Exactly, modders do it for free. Professionals demand to get paid, and Americans demand higher pay than in Polish developers. Only solution is to outsource development to China or ask everyone to take a pay cut to work on a passion project (even though game developers already get paid less than their equivalents in Silicon Valley).

emoticon
May 8, 2007
;)

Der Shovel posted:

How big do you think this dev team would be? Just how much do you think they'd get paid?
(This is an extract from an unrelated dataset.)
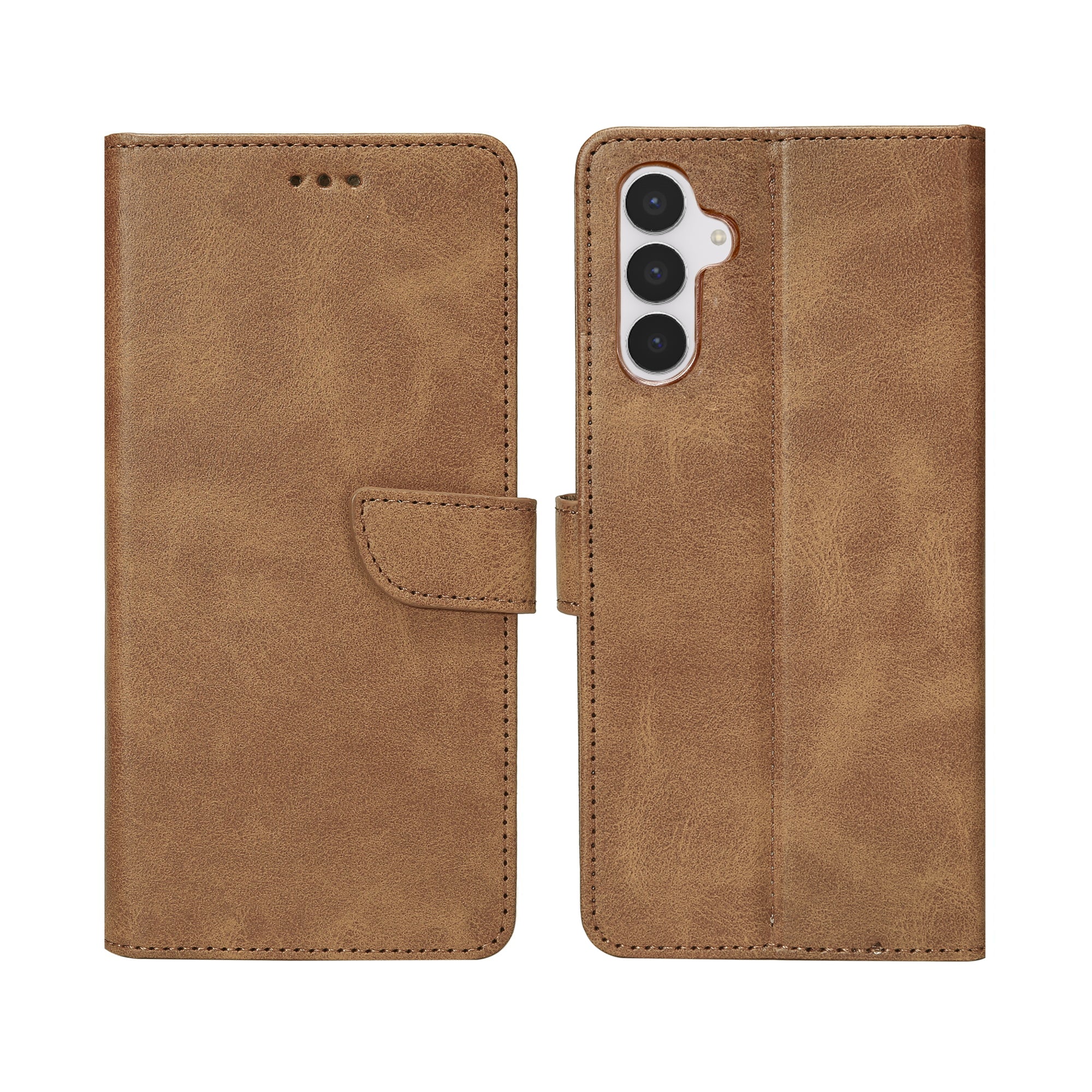 Rixus Bookcase For Samsung Galaxy S25 FE Light Brown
It seems that you don't understand just where a huge portion of the ~25 million it costs to make big budget game goes.

You don't need a team of 80 dudes with satellite offices in Shanghai, Montreal and Liverpool to make an isometric RPG / strategy game. 400 000 or some similar Double Fine -esque amount would be a ton of money for what would essentially be an independent project.

You're obviously the industry expert, so if you say $400,000 is more than enough to make an isometric RPG/strategy, I believe you.

emoticon
May 8, 2007
;)

the black husserl posted:

Nooo it means nothing internet backlash call of duty one billion dollars game design by committee crowdsource failure lost sale.

It means a lot, they can make 3.5 RTSes (Brutal Legend 2, 3, 4, 4.5) with that kind of money.

emoticon
May 8, 2007
;)

Cream_Filling posted:

An 8-bit filk-steampunk zombie game with melodramatic plot and chiptune soundtrack.

Sold, but only if it's a 2D physics-based puzzle platformer that's secretly an allegory for the atomic bomb and/or your dead sister/mom/grandmother.

emoticon
May 8, 2007
;)

Sigma-X posted:

Is there some secret here I'm missing?

Yes, games take no money to create (most of a $25M budget goes to satellite offices in Shanghai) and make infinite money.

Adbot
ADBOT LOVES YOU

emoticon
May 8, 2007
;)

Bohemian Nights posted:

Notch's longevity notwithstanding, and as terrible as it is to say; I actually think the communication paradigm might have changed enough for a tweet to be enough to at the very least kick off actual business deals these days, especially when you consider the type of person behind each end of this tweet.